We focused on analysing the impact of unemployment by sector on house prices since 2008, as the Hong Kong economic structure changed significantly after the global financial crisis. By looking further into the correlation between the unemployment rate of individual sectors and property prices, it appears that mass residential prices have been more affected by the unemployment rate (with a coefficient -0.5 < r < -1) in the following sectors:

Among these sectors, unemployment in the banking, finance and insurance, and professional and business services sectors has the highest correlation with house prices, but the current unemployment rate in these sectors remains low. On the other hand, unemployment in the retail, accommodation and food services sectors has the lowest correlation with house prices, but the current unemployment rate in these sectors is high. One could argue that the manufacturing and construction sectors have a high correlation with house prices and currently have a high unemployment rate, but these do not translate into a fall in house prices. First, the impact of manufacturing is limited in Hong Kong, as the sector is small in scale. Second, employment in the construction sector is highly related to the performance of the property sector, so there could be a statistical technical issue known as multicollinearity problem in this respect.
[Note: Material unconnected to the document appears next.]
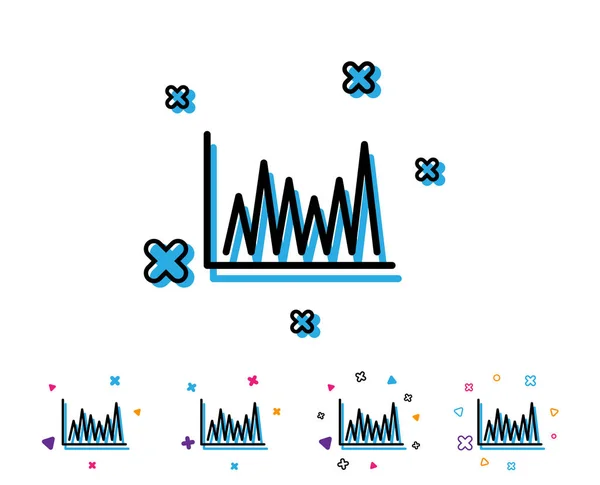 Ikona Čáry Grafu Finanční Růst Graf Znamení Burze Pod Symbolem — Stockový vektor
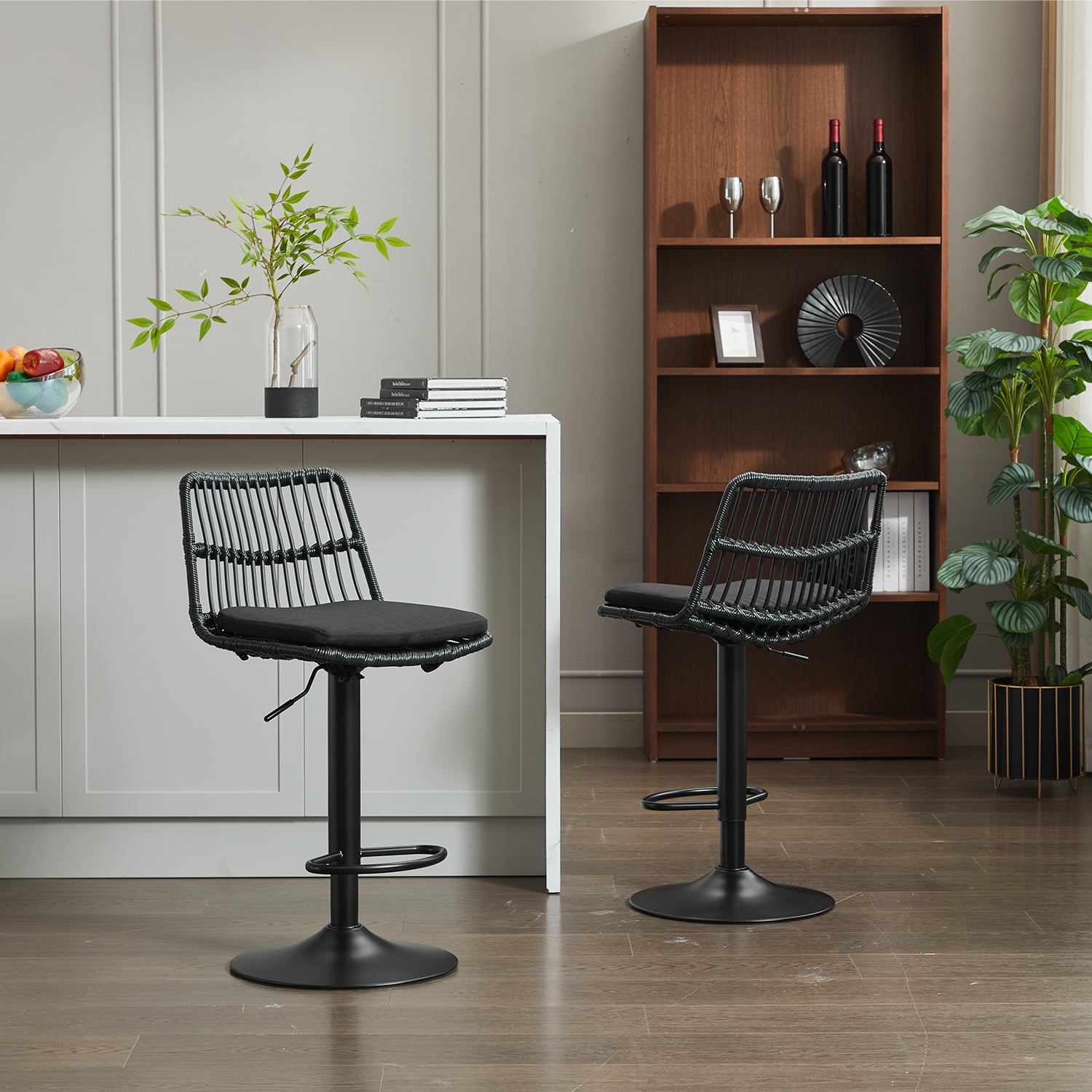 Demi Bonn 35" Counter Height Bar Stools Set of 2, Rattan Swivel Barstools with Back, Kitchen Island Countertop Chairs for Dining Room, Black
This explains why property prices have remained firm even though overall unemployment is on the rise. If the employment situation in the finance and professional services sectors worsen later this year, house prices could drop.

With the government implementing the Employment Supporting Scheme (ESS) under the Anti-epidemic Fund in the second half of 2020, the situation could be complicated as companies which have participated in the ESS need to take the obligation of not making redundancies during the subsidy period. This discretionary policy will slow down the growth of the unemployment rate and create another structural break of the house prices correlation, thus any implication to the house prices could further be delayed. Over a longer term, however, we believe the correlation between unemployment and house prices continues to hold.

Conclusions

We predict that unemployment will, in 2020, decouple the correlation between the HSI and house prices. Based on our observations below, we expect mass residential prices to drop by 5%.

  • The HSI leads residential prices in Hong Kong by 3 to 6 months continues to hold over the long term.
  • In the medium term, the high correlation between unemployment and house prices could lead to a structural break in the correlation between the HSI and house prices, especially if there is rapid growth in unemployment.
  • When unemployment ramps up quickly, it tends to be a leading indicator of mass residential prices in Hong Kong by 1 to 2 months.
  • Unemployment in the finance and professional services sectors tends to have the highest correlation with house prices; while unemployment in the retail, accommodation and food services sectors tend to have the lowest correlation with home prices.